Beginning with the line that contains "And under Picture", retype the entries below exactly, ending with the line that contains "If you do not". Leave out any pictures.
BEGIN MATERIAL FOR THE TASK
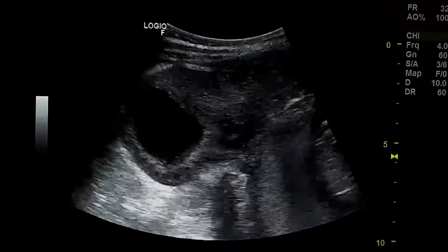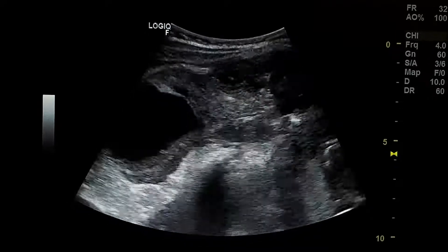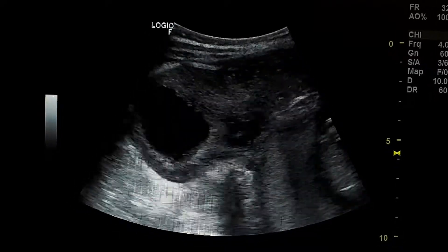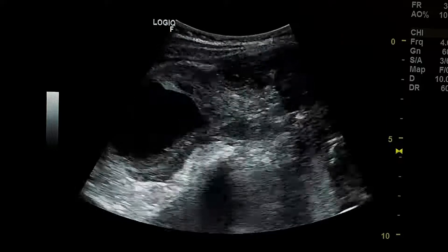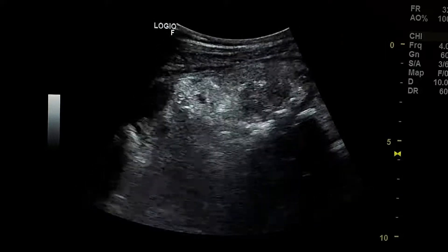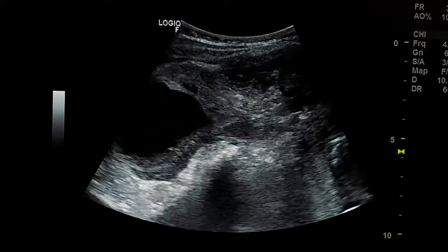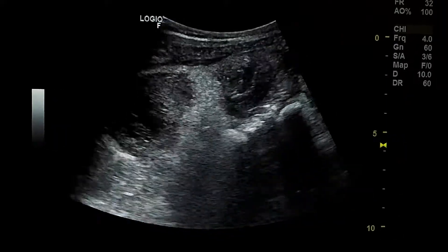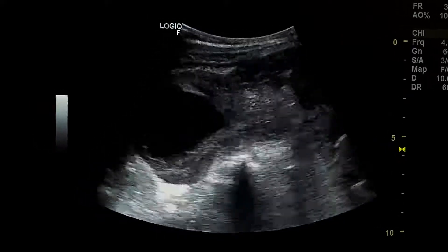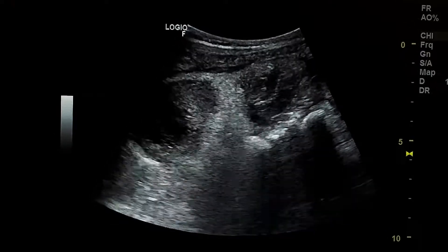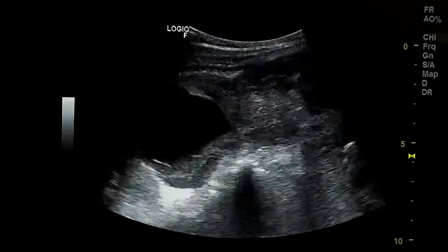This is a case of left ovarian torsion in a pregnant woman, age 29 years, pregnancy about 20 weeks.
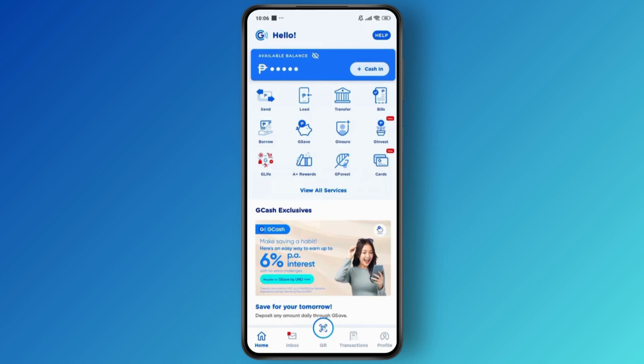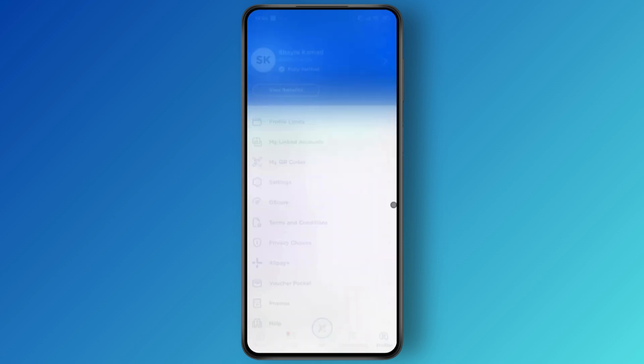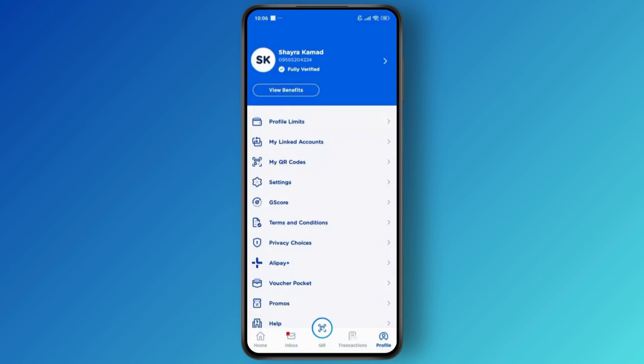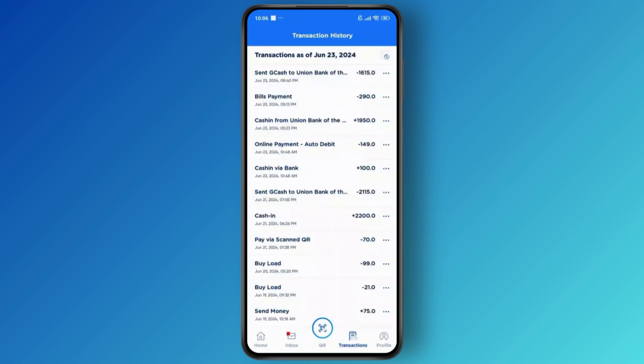Once you are logged in, head over to your profile section and you will be able to see all of your settings here. On the bottom you'll have different tabs like Home, Inbox, QR, and then Transaction. Tap on the Transactions tab and you will see a history of all of your transactions that were made via your Gcash account.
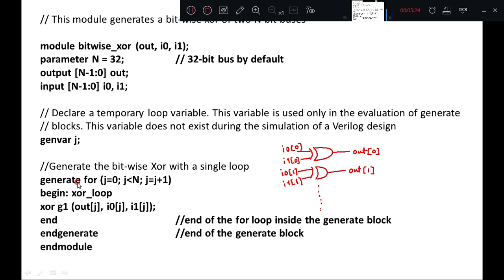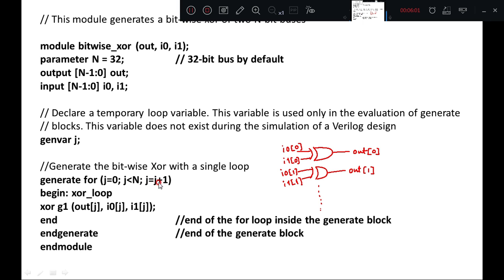Within the generate loop, it begins with the generate keyword, then a for loop syntax is used. The syntax is almost similar to a for loop initialization: J equals 0, J less than n (where n is defined as 32), and J equals J plus 1. So J is initialized to 0, runs while less than 32, and increments by 1 each time.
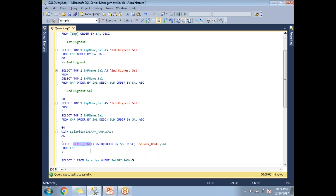In this example, we talked about how to identify the nth highest salary using both subqueries and CTEs. CTE is the approach that gives you results in a faster manner. While the result is the same, from a performance point of view, CTE is the best option. Thank you for watching — please subscribe and provide your valuable feedback in the comments section.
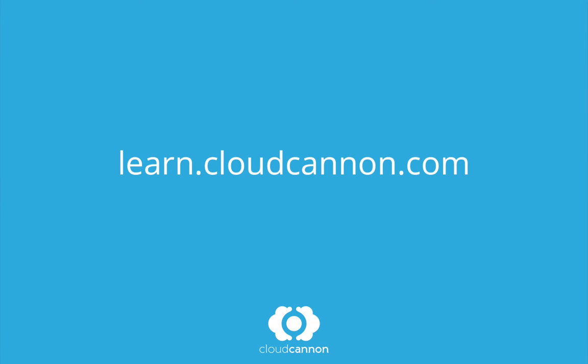This tutorial was brought to you by CloudCanon, the cloud content management system for Jekyll. For more free tutorials like this one, check out learn.cloudcanon.com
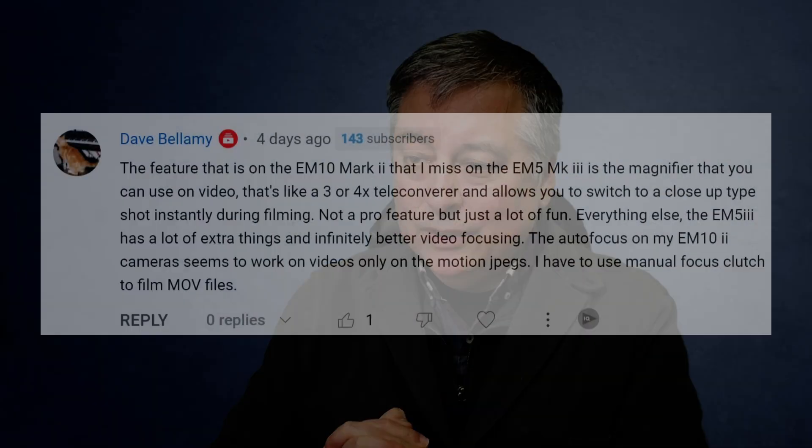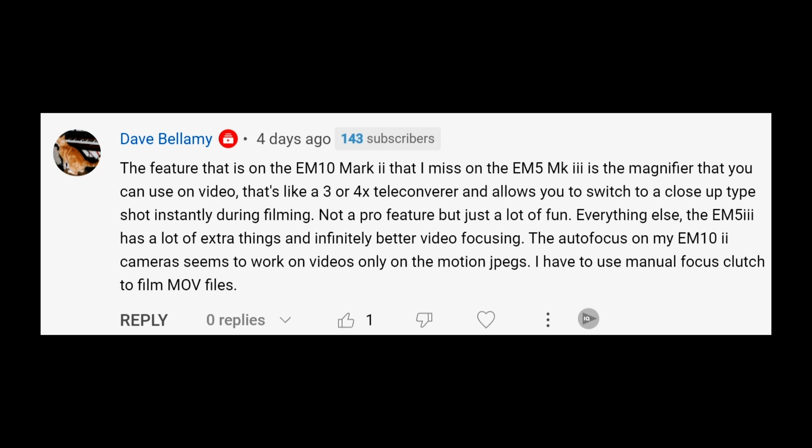The next one is from Dave Bellamy. He didn't phrase this as a question but I wanted to address it because you actually can do the things you're saying you cannot do. He says the feature on the EM10 Mark II that he misses on the EM5 Mark III is the magnifier you can use on video — like a 4x teleconverter that lets you switch to a close-up shot instantly during filming. Let me show you how to set it up so you can do the magnify while filming on the EM5 Mark III.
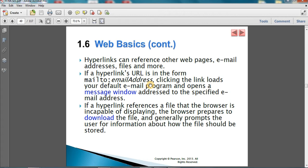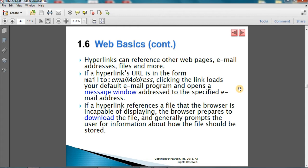A hyperlink can also point to any web object — it doesn't have to be a web page or image. When you click such a hyperlink, your browser sends an HTTP request to the web server hosting the object. The server replies with an HTTP reply message containing the object. If the browser can open the object, it displays it inside the browser. If not, it automatically downloads the object to your downloads folder for you to open with the appropriate tool.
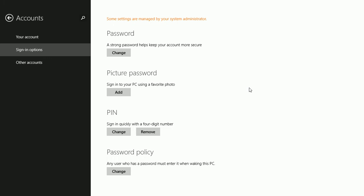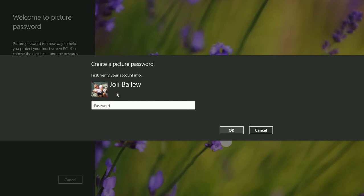And under Picture Password, click Add. Type your current password.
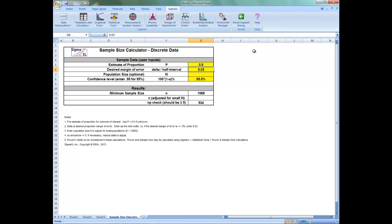If you do not have a priori knowledge, then leave p equal to 0.5, which gives the most conservative value. For example, the largest estimate of the sample size.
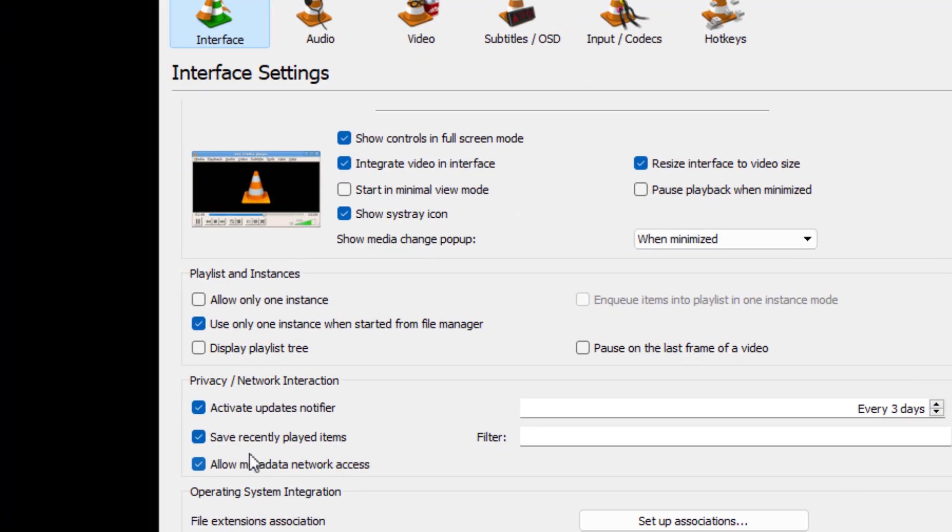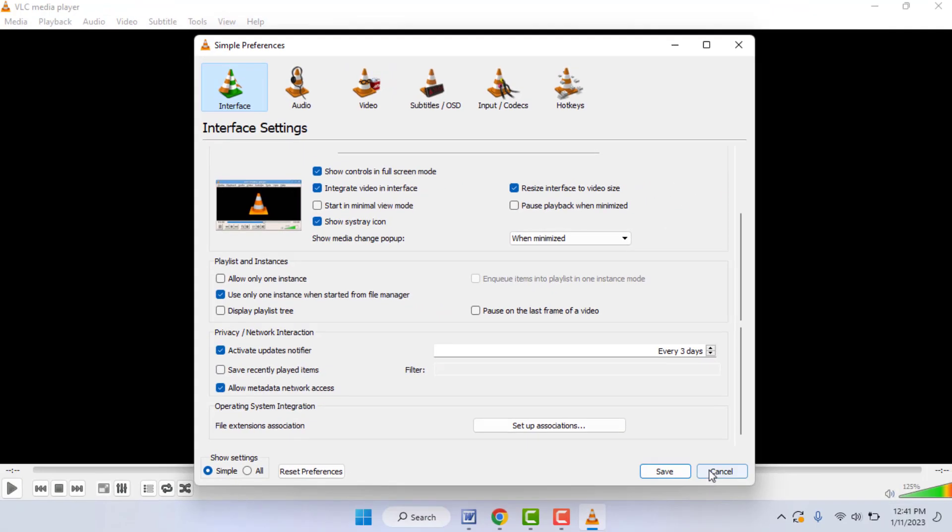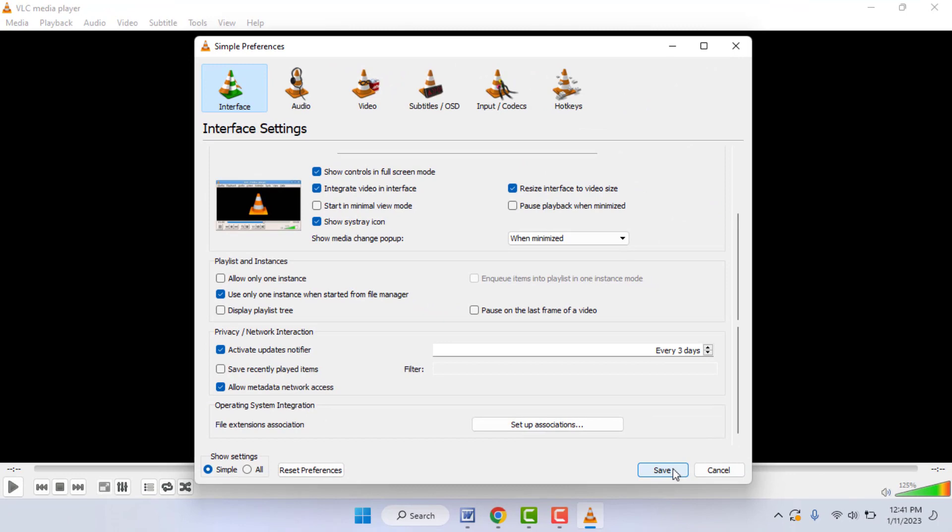Here you can get the option 'Save recently played items'. Just you need to uncheck this box. Okay, after this guys, just click on Save. That's it. Now it will not save your recently played media playlist or your watch history on your VLC media player.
END MATERIAL FOR THE TASK
**ANSWER TO THIS EXERCISE**
And under Picture Password, click Add. Type your current password.
If you do not have a priori knowledge, then leave p equal to 0.5, which gives the most conservative value. For example, the largest estimate of the sample size.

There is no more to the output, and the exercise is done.